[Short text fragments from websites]
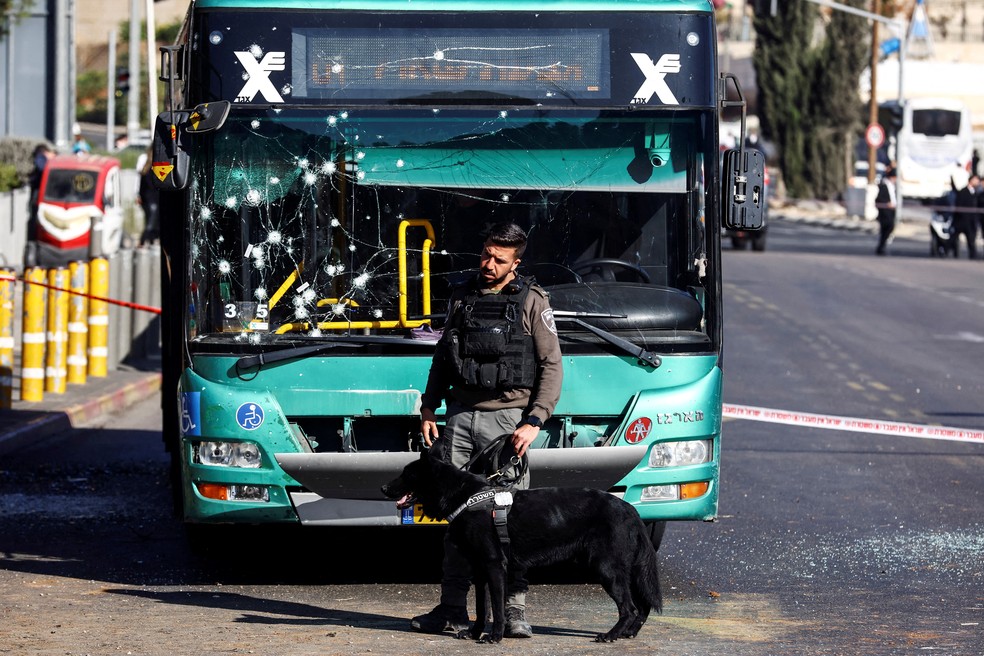 Um policial segura um cão de serviço perto de um ônibus danificado em Jerusalém — Foto: Ronen Zvulun/REUTERS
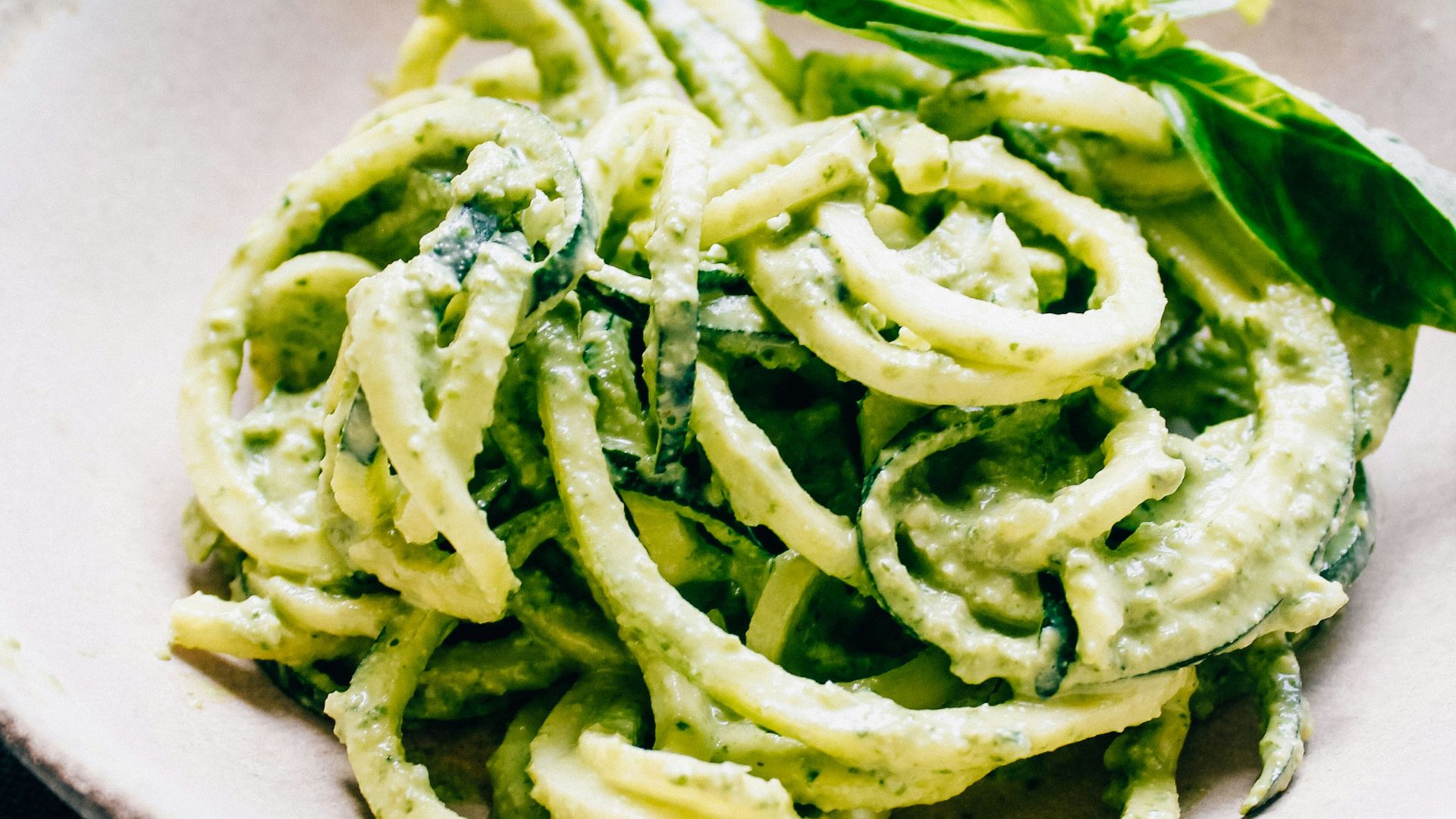 a white bowl filled with pesto pasta on top of a table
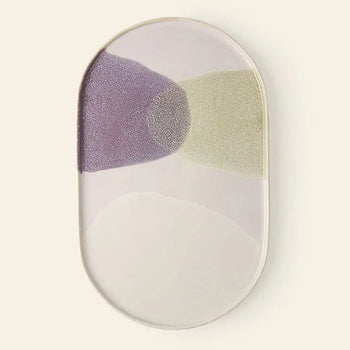 The HKliving Gallery Ceramics Oval Dinner Plate features a glossy white finish with abstract patches of lavender, pale green, and off-white overlapping at the center on a light beige background.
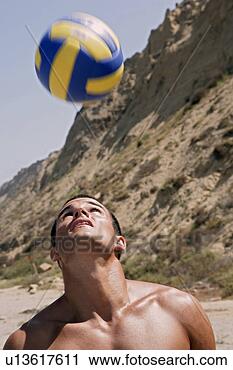 Stock Photography - portrait of a 
young man bouncing 
a ball on his 
head. fotosearch 
- search stock 
photos, pictures, 
images, and photo 
clipart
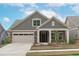 Charming single-Gathering home with a stone and gray shingle facade, two-car garage, and welcoming front porch at 421 Raven Cliff St, Apex, NC 27523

_TASK OBJECTIVE_
The line with "images, and photo" ends the range, and the first line of the data begins it; repeat exactly those lines and nothing more, omitting pictures.

_RESPONSE AREA_
 Um policial segura um cão de serviço perto de um ônibus danificado em Jerusalém — Foto: Ronen Zvulun/REUTERS
 a white bowl filled with pesto pasta on top of a table
 The HKliving Gallery Ceramics Oval Dinner Plate features a glossy white finish with abstract patches of lavender, pale green, and off-white overlapping at the center on a light beige background.
 Stock Photography - portrait of a 
young man bouncing 
a ball on his 
head. fotosearch 
- search stock 
photos, pictures, 
images, and photo 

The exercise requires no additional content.